# Amortised analysis of binary heap insert and delete-min

I'm trying to figure out how to do amortised analysis of heap insert and heap delete-min using potential function.

We can assume, that insert is O(logn) and delete-min is O(logn) too.

The goal is to prove, that amortised price of insert is O(logn) and amortised price of delete-min is O(1).

Can't figure out how to create a potential function.

POT.F = ?
INSERT c = logn + (something from 0 to xlogn)
DELETE-MIN c = logn + (something like -logn)


Could you guys help me? I've figure out so far that difference between potentials should be from 0 to xlogn so INSERT price would be logn and for DELETE-MIN, difference should be somewhere abour -logn to get constant price.

• What kind of sequence of operations do you want to amortize over? – Raphael Jun 22 '16 at 16:49
• @raphael - any possible sequence of these two operations.
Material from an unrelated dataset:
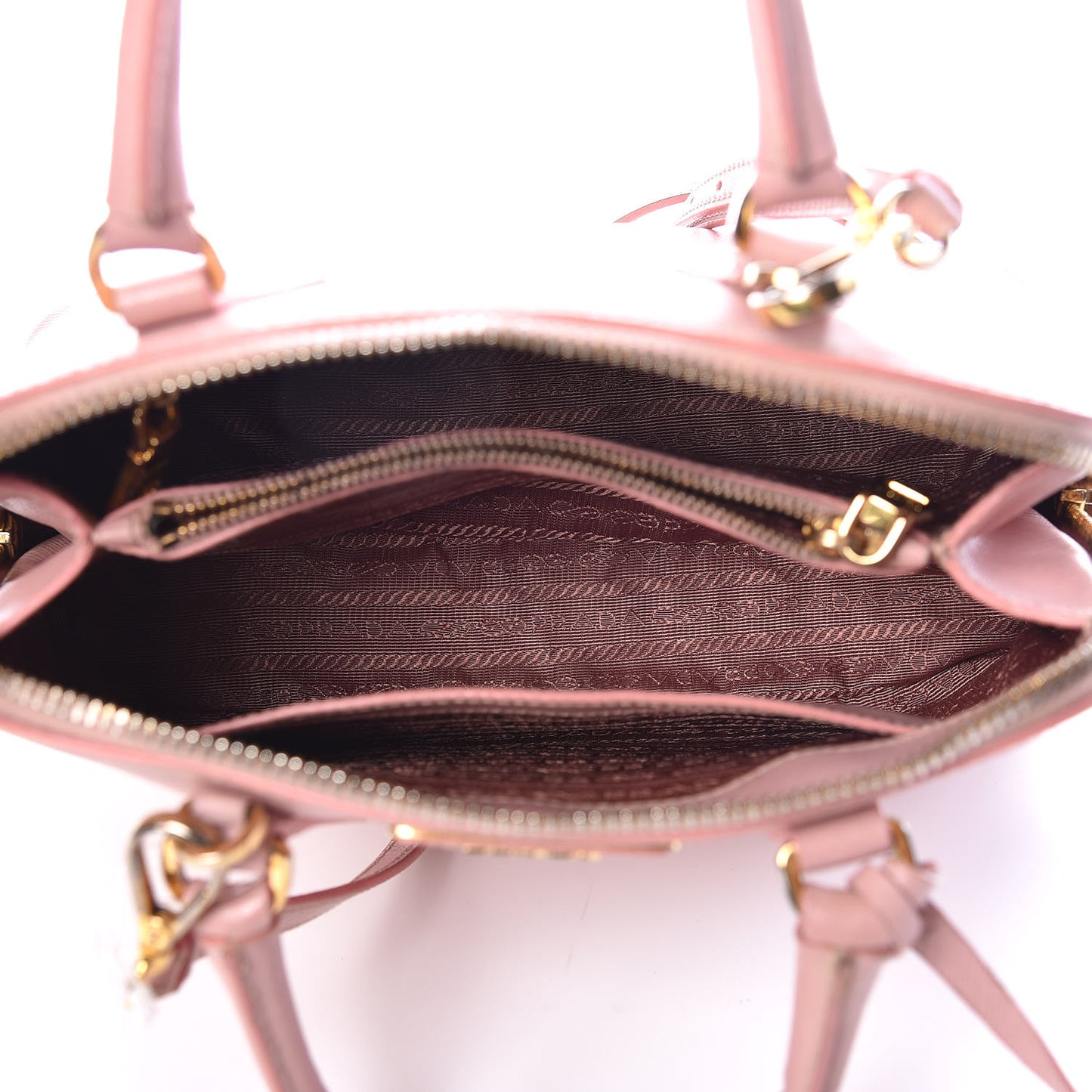 Saffiano Vernice Small Promenade Tote Orchidea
So you can't delete-min if you did not push before etc. – Milano Jun 22 '16 at 16:58
• I don't think that's possible. How to amortize for sequences with only one delete-min? Do you want to average over all sequences? – Raphael Jun 22 '16 at 17:00
• For example for operations PUSH and POP, we can say that their amortised price is PUSH = 2 POP = 0. If Pot. Function is size of stack, then PUSH = 1 + S+1 - S = 2 and POP = 1 + S-1 - S = 0. I mean it in this way. – Milano Jun 22 '16 at 19:01
• No, you can't just "say" an operation has some amortized cost without fixing which kind of sequences you want to talk about. The amortized costs are the end result. It's really about the total cost of this sequence, which you may then divide by the number of operations to get "amortized costs" for single operations. Without a sequence, there's no total, and nothing to divide. – Raphael Jun 22 '16 at 22:01

First, for a bit of clarifying terminology: rather than proving an amortized insertion cost of $O(\lg n)$ and an amortized deletion cost of $O(1)$, you are using those amortized costs to prove something about the total cost of a sequence of insertions and deletions, starting with an empty heap. This might be a subtle distinction, but it is fairly important (at least to me). If you allow yourself to start from a non-empty heap, you would also need to allow yourself to start with a $\Theta(n \lg n)$ potential, or else the deletion amortized cost won't work. Or, if you were to add in an operation for the worst-case linear time build-heap operation, you would also need for that linear time operation to add $\Theta(n \lg n)$ to the potential function.
To use your desired amortized runtimes, each insertion has to prepay for a deletion to come later. So, for instance, when inserting into a heap of size $n$, you can pay for the actual insertion $O(\lg n)$, but your amortized cost will pay that plus an additional $O(\lg n)$ for the worst-case runtime of deleting from a heap of size $n+1$. Now, every time you delete from a non-empty heap? That deletion's actual cost has already been prepayed by a previous insertion's amortized cost. It costs 0 (amortized) to delete. The only deletions that you still need to pay for are the ones from an empty heap, for when your deletions outnumber prior insertions, and those cost $O(1)$.
While these bounds are fine to use for a proof of efficiency for a sequence of insertions and deletions, they are slightly odd, in that in real life, the deletions generally take expected $\Theta(\lg n)$ time, and insertions take expected $\Theta(1)$ time, for some reasonable definitions of operating on a random heap of size $n$.
While I have presented this in terms of "prepaying" (or the accounting method), in this case, just writing it down as a more formal equation directly transforms it into the potential function method. You will be able to prove that the potential of a heap with $n$ elements is at least $\sum_{i=1}^n f(i)$ where $f(i)$ is the worst-case price to delete the min item from a heap if $i$ elements. You already start your question with a given $O(\lg i)$ bound on $f(i)$.